There is, however, one critical component missing to that description: What is the “cement” which will ensure that this all is possible. When reading Neil’s paper, two stories, recently shared by friends of mine came to mind. In one, my friend has been a part of a consultancy group based on similar principles as those reported by Neil. To start, there was a lot of enthusiasm from the part of those joining this rebellious bunch, but little by little the joy faded away… The financial and legal owners, were viewed as “more equal than the others” and started to assume that “feeding work” was a sufficient “deal” to keep the members of their community happy and engaged. The limitation of such a system became more and more evident… There was no “emotional ownership” from the team and tehs atr performers, those who easily could find work elsewhere through their talent left, disillusioned. The other example was about a sort of Business School and seemed even closer to the agency described by Neil: their original business model made it that they had very few permanent faculty, for the good reasons mentioned above, ie. Having a permanent access to the best talents, forcing them to continuously re-invent themselves or otherwise become obsolete, and, last but not least, not having to carry the huge burden of expensive faculty salaries. One of the biggest challenge for that institution was to ensure that its faculty wouldn’t feel nor behave like “hired guns”, delivering their course and running away (sometimes with the institution’s clients)… The place was apparently magnificent but as our friend reported, the feeling of community was missing: “Professors” would happily bump into each other but by accident, lots of new creative ideas and promises of co-creation would see the day around a coffee break or a lunch but prematurely die by the end of it, by lack of commitment to a common dream…
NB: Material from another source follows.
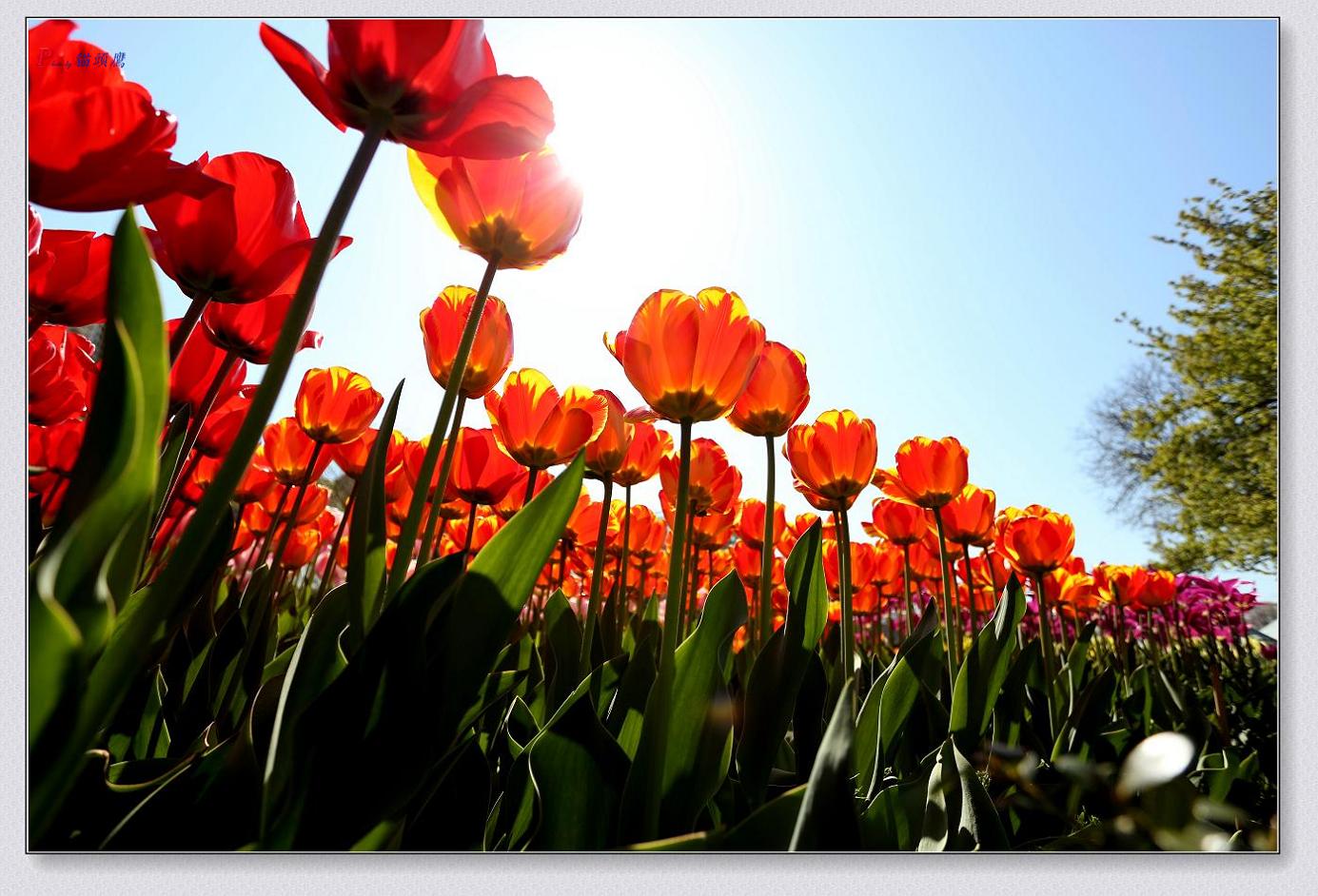 }u -4-25-13߽ 054-2.jpg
So what do “communities” like LEGO, Wikipedia, Linux, or the Mozilla Foundation manage to attract, retain, engage and make vibrant and virtual communities live and support their vision around the world? It isn’t enough to enable it through technology, working from home and other gadgets… It takes something more subtle at the Pathos level:
- They create a Purpose driven community: People supporting such organizations almost follow a cult (like the scouts, Salvation Army, cults and football teams, nothing new!). They know that their license to operate is intimately linked to a few rules and beliefs around their communities. They engage them on a powerful Purpose and ensure they do not betray them on it.
- Relational not transactional: In the two failures examples that were reported to me, one thing struck me: in both cases the institutions and their leaders had let drift the dream and purpose into becoming a transaction: You come and deliver, we pay you… This is miles away from the way a company like LEGO treats its several thousands of aficionados. Arsenal Football Club, has decided to offer a free entrance to the game they would choose to the fans that came all the way to Manchester and see the historical humiliation of their team (8-2) by Manchester United this past month… To be relational is to value first of all the relationship and the person. To be transaction is to be focused on the transaction at the basis of our relation… full stop. Guess which one is best at the time of building a vibrant community?
Meg Wheatley summarized this in such an elegant way: “When we insist on obedience, we will never gain it for long, and we only gain it at the cost of what we wanted the most : loyalty, intelligence and responsiveness”
I hope you liked this glimpse of the future offered by Neil Perkin. I certainly did.
A blessed week home in order to prepare for five full weeks of work (with just one day off) straight after… Have a great week all!